The beneficial element silicon (Si) may affect radial oxygen loss (ROL) of rice roots depending on suberization of the exodermis and lignification of sclerenchyma. Thus, the effect of Si nutrition on the oxidation power of rice roots, suberization and lignification was examined. In addition, Si-induced alterations of the transcript levels of 265 genes related to suberin and lignin synthesis were studied by custom-made microarray and quantitative Real Time-PCR. Without Si supply, the oxidation zone of 12 cm long adventitious roots extended along the entire root length but with Si supply the oxidation zone was restricted to 5 cm behind the root tip.
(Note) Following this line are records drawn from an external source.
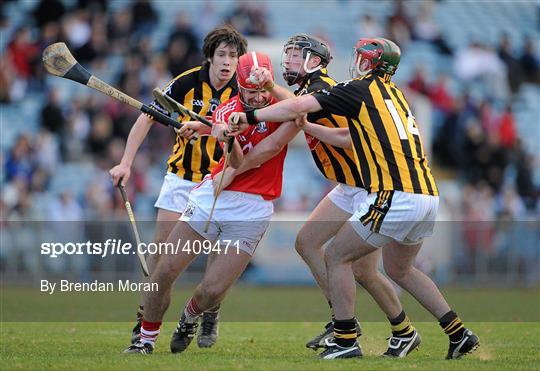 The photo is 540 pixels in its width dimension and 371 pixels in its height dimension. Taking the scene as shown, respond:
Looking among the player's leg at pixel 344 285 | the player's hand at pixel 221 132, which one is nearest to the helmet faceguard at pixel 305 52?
the player's hand at pixel 221 132

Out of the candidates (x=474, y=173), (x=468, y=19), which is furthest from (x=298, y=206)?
(x=468, y=19)

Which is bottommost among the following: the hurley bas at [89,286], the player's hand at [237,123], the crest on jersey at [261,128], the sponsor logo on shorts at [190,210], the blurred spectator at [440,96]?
the hurley bas at [89,286]

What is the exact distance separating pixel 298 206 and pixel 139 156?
3.17m

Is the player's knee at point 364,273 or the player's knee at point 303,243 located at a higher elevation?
the player's knee at point 303,243

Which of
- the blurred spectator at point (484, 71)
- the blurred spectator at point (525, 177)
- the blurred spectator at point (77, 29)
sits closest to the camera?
the blurred spectator at point (77, 29)

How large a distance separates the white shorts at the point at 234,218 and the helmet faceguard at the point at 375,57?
1.33 m

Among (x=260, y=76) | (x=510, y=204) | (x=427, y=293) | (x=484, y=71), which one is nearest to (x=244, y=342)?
(x=427, y=293)

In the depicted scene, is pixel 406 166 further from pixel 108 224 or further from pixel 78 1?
pixel 78 1

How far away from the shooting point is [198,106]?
32.9ft

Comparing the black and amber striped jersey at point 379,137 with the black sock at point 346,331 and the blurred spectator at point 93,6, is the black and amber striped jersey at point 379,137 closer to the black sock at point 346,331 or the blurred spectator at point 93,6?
the black sock at point 346,331

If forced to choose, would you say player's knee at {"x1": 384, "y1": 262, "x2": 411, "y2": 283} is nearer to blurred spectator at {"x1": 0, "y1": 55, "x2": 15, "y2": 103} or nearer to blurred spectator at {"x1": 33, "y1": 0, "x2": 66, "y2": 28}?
blurred spectator at {"x1": 0, "y1": 55, "x2": 15, "y2": 103}

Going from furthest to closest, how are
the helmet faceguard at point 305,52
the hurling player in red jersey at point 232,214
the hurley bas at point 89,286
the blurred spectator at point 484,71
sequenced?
1. the blurred spectator at point 484,71
2. the hurley bas at point 89,286
3. the helmet faceguard at point 305,52
4. the hurling player in red jersey at point 232,214

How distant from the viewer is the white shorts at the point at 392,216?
8.13m

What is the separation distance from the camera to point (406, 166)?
8.23 m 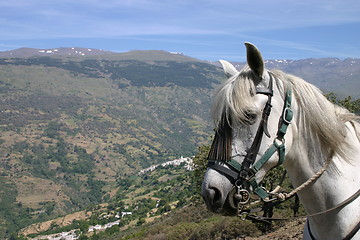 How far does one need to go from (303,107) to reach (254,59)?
23.7 inches

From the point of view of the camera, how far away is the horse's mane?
237cm

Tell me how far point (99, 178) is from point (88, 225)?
90949 mm

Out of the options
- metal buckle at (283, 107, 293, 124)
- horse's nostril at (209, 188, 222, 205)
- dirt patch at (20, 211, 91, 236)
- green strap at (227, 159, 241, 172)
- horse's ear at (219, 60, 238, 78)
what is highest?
horse's ear at (219, 60, 238, 78)

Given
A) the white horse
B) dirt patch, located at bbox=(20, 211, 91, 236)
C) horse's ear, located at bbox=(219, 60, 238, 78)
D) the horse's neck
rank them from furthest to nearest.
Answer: dirt patch, located at bbox=(20, 211, 91, 236), horse's ear, located at bbox=(219, 60, 238, 78), the horse's neck, the white horse

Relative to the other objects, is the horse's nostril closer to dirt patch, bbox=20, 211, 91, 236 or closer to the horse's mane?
the horse's mane

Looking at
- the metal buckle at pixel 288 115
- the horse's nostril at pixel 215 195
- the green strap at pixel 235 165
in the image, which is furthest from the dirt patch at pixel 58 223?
the metal buckle at pixel 288 115

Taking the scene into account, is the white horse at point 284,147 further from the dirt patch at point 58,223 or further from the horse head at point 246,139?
the dirt patch at point 58,223

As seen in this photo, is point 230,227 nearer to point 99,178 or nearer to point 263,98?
point 263,98

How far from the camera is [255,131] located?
2355mm

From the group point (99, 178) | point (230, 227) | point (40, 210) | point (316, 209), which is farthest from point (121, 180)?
point (316, 209)

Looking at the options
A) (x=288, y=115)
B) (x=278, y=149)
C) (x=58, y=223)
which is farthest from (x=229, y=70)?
(x=58, y=223)

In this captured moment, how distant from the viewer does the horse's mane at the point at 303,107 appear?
7.77 feet

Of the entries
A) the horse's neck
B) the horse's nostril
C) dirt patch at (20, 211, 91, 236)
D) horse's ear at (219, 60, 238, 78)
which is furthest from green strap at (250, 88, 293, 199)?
dirt patch at (20, 211, 91, 236)

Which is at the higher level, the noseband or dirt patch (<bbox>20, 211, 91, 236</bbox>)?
the noseband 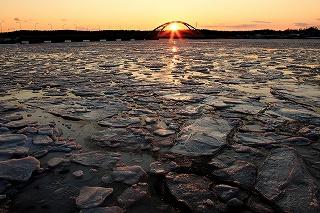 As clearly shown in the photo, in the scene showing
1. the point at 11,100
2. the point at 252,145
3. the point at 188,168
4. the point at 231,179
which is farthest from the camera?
the point at 11,100

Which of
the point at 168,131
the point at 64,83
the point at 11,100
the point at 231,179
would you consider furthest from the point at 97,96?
the point at 231,179

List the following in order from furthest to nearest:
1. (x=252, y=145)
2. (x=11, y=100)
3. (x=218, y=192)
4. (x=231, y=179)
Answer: (x=11, y=100) < (x=252, y=145) < (x=231, y=179) < (x=218, y=192)

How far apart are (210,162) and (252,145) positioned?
66 cm

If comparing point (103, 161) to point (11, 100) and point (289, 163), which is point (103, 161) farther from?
point (11, 100)

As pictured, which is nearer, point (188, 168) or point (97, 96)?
point (188, 168)

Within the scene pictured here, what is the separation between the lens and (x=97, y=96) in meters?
5.98

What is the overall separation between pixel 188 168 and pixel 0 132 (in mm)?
2367

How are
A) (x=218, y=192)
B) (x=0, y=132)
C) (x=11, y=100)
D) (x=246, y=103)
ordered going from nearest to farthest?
(x=218, y=192) → (x=0, y=132) → (x=246, y=103) → (x=11, y=100)

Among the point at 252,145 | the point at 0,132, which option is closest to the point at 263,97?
the point at 252,145

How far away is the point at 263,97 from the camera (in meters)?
5.74

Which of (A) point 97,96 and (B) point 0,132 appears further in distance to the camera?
(A) point 97,96

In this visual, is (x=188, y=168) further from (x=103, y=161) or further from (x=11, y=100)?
(x=11, y=100)

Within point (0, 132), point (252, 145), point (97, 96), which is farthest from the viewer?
point (97, 96)

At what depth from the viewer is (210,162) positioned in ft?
9.39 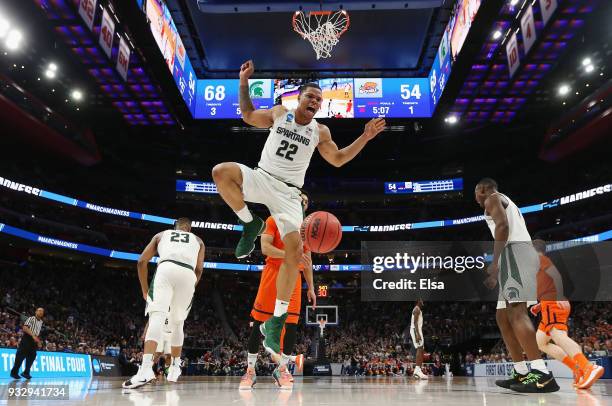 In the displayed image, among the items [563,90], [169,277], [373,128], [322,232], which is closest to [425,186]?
[563,90]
This pattern coincided with enhanced suberization of the exodermis and lignification of sclerenchyma by Si supply. Suberization of the exodermis started, with and without Si supply, at 4–5 cm and 8–9 cm distance from the root tip (drt), respectively. Si significantly increased transcript abundance of 12 genes, while two genes had a reduced transcript level. A gene coding for a leucine-rich repeat protein exhibited a 25-fold higher transcript level with Si nutrition. Physiological, histochemical, and molecular-biological data showing that Si has an active impact on rice root anatomy and gene transcription is presented here.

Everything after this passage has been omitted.